Calling the lawsuit “ridiculous” and “an attempted distraction to not talk about water issues,” he said he grew up farming a wide variety of produce, from corn to watermelon. He also bought the farmland 15 years ago and worked on it personally with his children, he said.
“I bought the land as a sweet potato farm, and my kids helped me pull it out and plant almond trees,” Denham told McClatchy. “They grew up on it.”
He said he leased it seven years ago when he started coming to Washington.
It’s not the first time Denham has been criticized over the issue. A former congressional opponent, Michael Eggman, put “Real Local Farmer” atop many of his campaign signs, to contrast himself with Denham. More recently, at a public appearance last week, some protesters chanted “fake farmer” at Denham.
Nunes is facing a similar challenge, with Democratic Super PAC Fight Back California funding a challenge in court that would force the congressman to remove the farmer designation. While Nunes’ most recent financial disclosure reports less than $5,000 in income from Alpha Omega Winery and less than $200 from a Bank of America Savings Account, his family owns a farm in Tulare.
The lawsuit says Nunes has not “earned income from farming or agriculture operations in at least 10 years.”
Anthony Ratekin, Nunes’ chief of staff, did not respond to a question regarding how Nunes received farm income, but sent McClatchy a statement saying, “I’m sure the left-wing activist groups that sponsor these stunts are thrilled they can continue to depend on McClatchy and the Fresno Bee to obediently report their talking points.”
What defines a farmer isn’t clear-cut. Under the California Farm Bureau bylaws, it seems to come down to how much income comes from farming activities, which can include leasing farming land to others.
“A person qualifies as an agricultural member if he or she ‘derives a substantial portion of his or her gross income from farming operations — including as an owner, lessor, lessee, manager, officer or substantial shareholder’ of a farming enterprise,” said Dave Kranz, spokesman for the California Farm Bureau Federation.
“I don’t see anything in our bylaws that defines what ‘substantial’ means exactly,” he added. “Local farm bureaus make those determinations, so you’d have to ask them.”
The Merced County Farm Bureau, which would have jurisdiction over Denham’s farm’s location in Atwater, did not return a request for comment. The U.S. Department of Agriculture has a definition for what constitutes a farm but not a farmer.

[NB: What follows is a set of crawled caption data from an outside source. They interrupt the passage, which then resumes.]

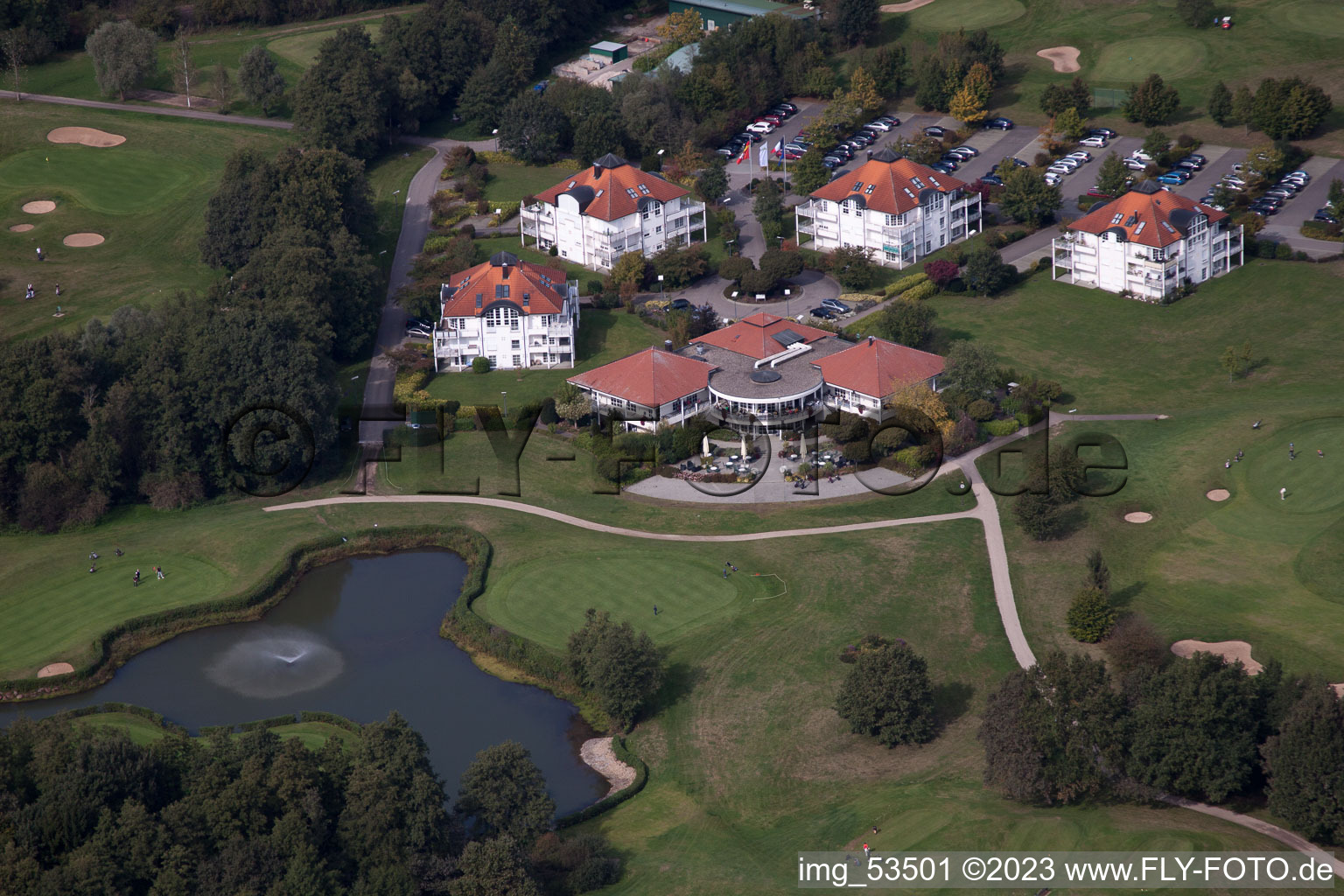 Luftbild von Soufflenheim, Golfclub Baden-Baden Soufflenheim im Bundesland Bas-Rhin, Frankreich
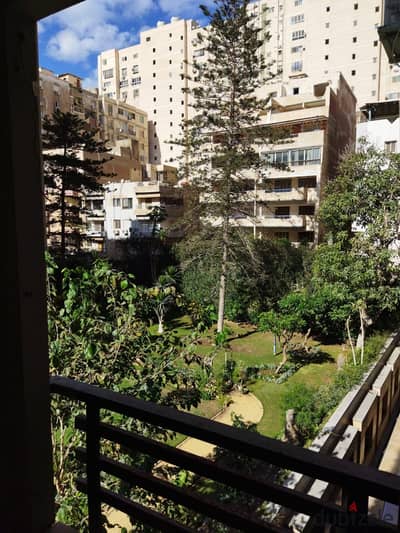 بسعر مميز في ارقي مناطق الاسكندرية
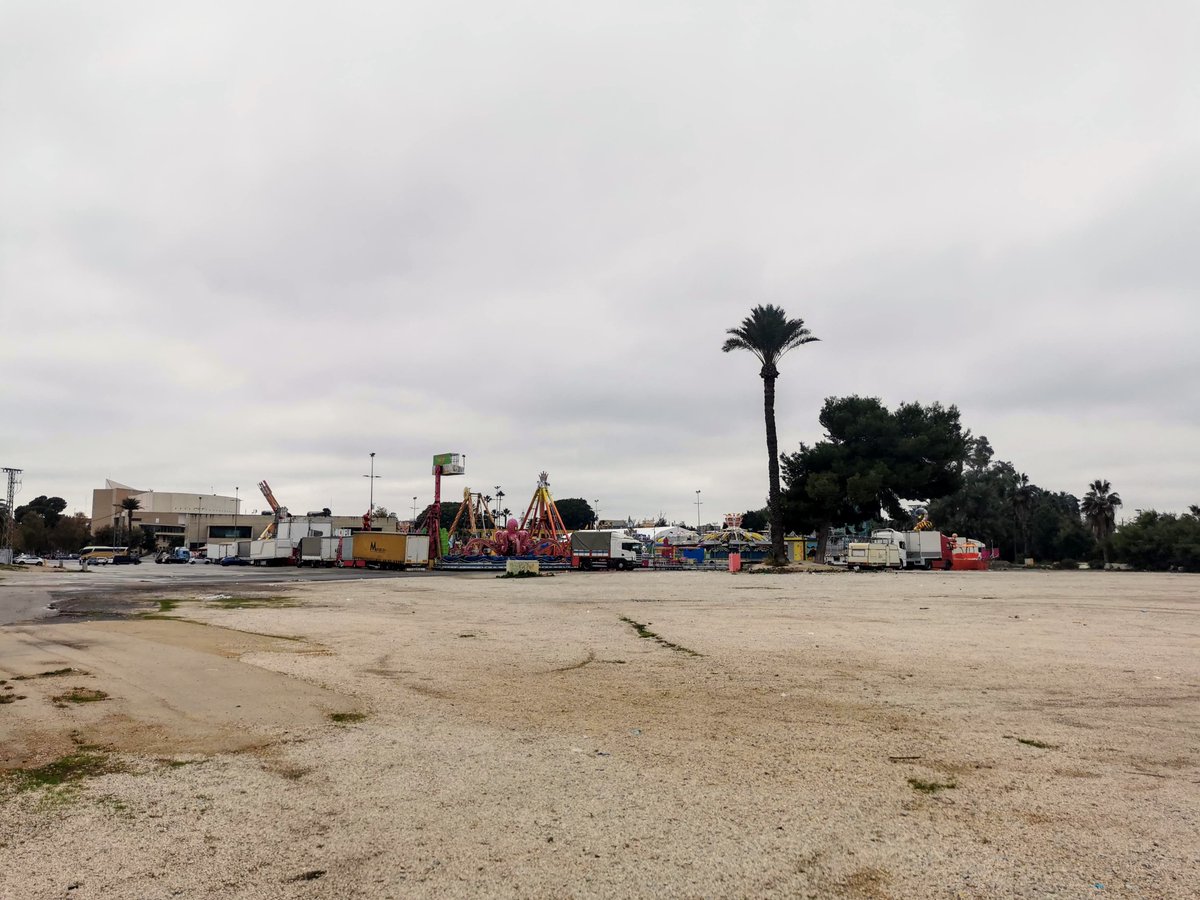 vvistabella's tweet image. Hoy nos hemos reunido con el concejal de Cultura, Turismo y Deportes, @rex_pedro, para exponerle nuestra propuesta sobre regeneración de #LaFica y recuperación de La Casera como espacio cultural, juvenil... 
Agradecemos la claridad de sus planteamientos y seguimos en contacto.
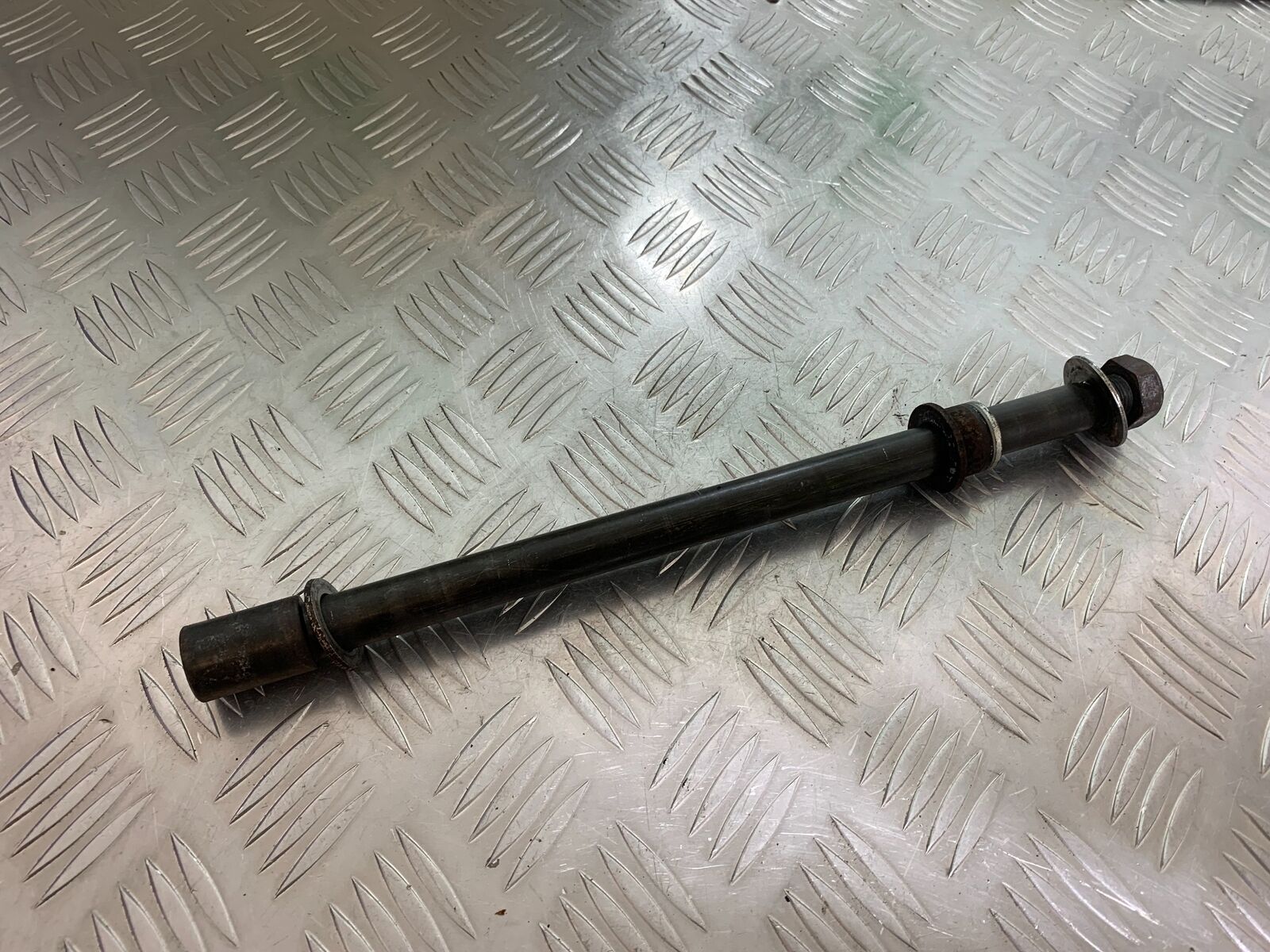 YAMAHA FJR1300 FJR 1300 REAR WHEEL SPINDLE   YEAR 2001-05 (CMB1005)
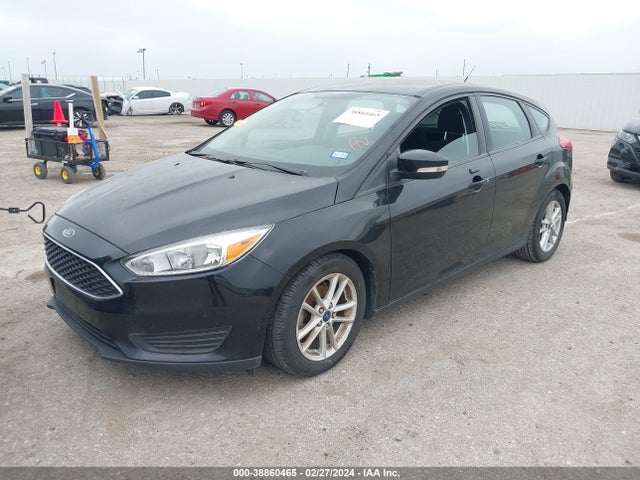 Ford FOCUS SE 2016 1FADP3K2XGL359867 Image 2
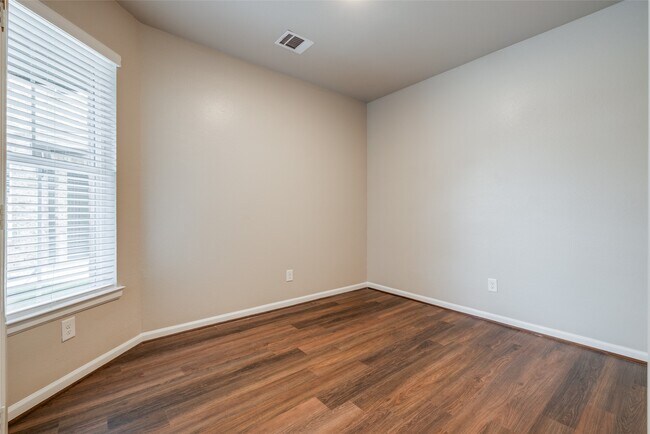 Building Photo - 137 Pk Pl Cir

Denham said he earns $50,000 per year in rent on the property now. He was unable to say how much that comprised of his total annual income. It could be anywhere from 4 percent to 13 percent of his income, according to his financial disclosure report, which only gives ranges on income and not definite amounts.
If Nunes counts the winery as a farming operation, it accounts for 2.8 percent of his income at most. He did not report any personal income from the family farm on his latest financial disclosure.
They aren’t the first people to face suits over the farmer designation on the ballot. In a race for a State Assembly seat in 2016, one Republican candidate successfully convinced a judge to force another Republican candidate to remove their farmer description from the ballot.
Republican candidate Young Kim is also facing a challenge to her ballot designation, as a “small business owner,” in the race to replace retiring Republican Rep. Ed Royce in Orange County.